The vibe switch to the achingly painful Spit of You is about as dramatic as it can get, which Fender dedicates to long-time mate and fellow face in the crowd Lewis Capaldi. When support act Olivia Dean returns for Rein Me In, the buzz in the crowd soars. After a sparkling soul-pop set earlier, the pair make the stage their own with voices that blend seamlessly. Noticing the ecstatic reaction after the track was skipped on the tour's Manchester date, Fender explains its return – “we've got to give the people what they want!”
From shredding during Crumbling Empire, to choosing an overjoyed fan to play guitar on The Borders, it isn’t hard to understand why Fender has become a household name. Despite only being released six months ago, the deafening chants to the title track from new album People Watching indicate an instant classic. With lyrics about working-class battles and buried emotions that knock the wind out of you, mass singalongs to People Watching or Seventeen Going Under make crushing burdens feel lighter for a few minutes.

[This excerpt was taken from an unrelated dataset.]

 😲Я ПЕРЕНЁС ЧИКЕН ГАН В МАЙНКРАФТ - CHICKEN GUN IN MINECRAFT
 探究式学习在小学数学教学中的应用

Tiny mishaps are brushed off with light banter, whether Fender jokes about a disappearing capo or turns a bum note on The Dying Light into a piano jig. After joking about the stupidity of encores (“You know I’m coming back on!”), he very quickly disappears for one. While glistening confetti snows down and fans wave goodbye on their loved ones’ shoulders, he grins that even after recent struggles with his voice, “I think I’ve still got it, huh?” For the 20,000 people shouting every word of Hypersonic Missiles back to him, there's no doubt.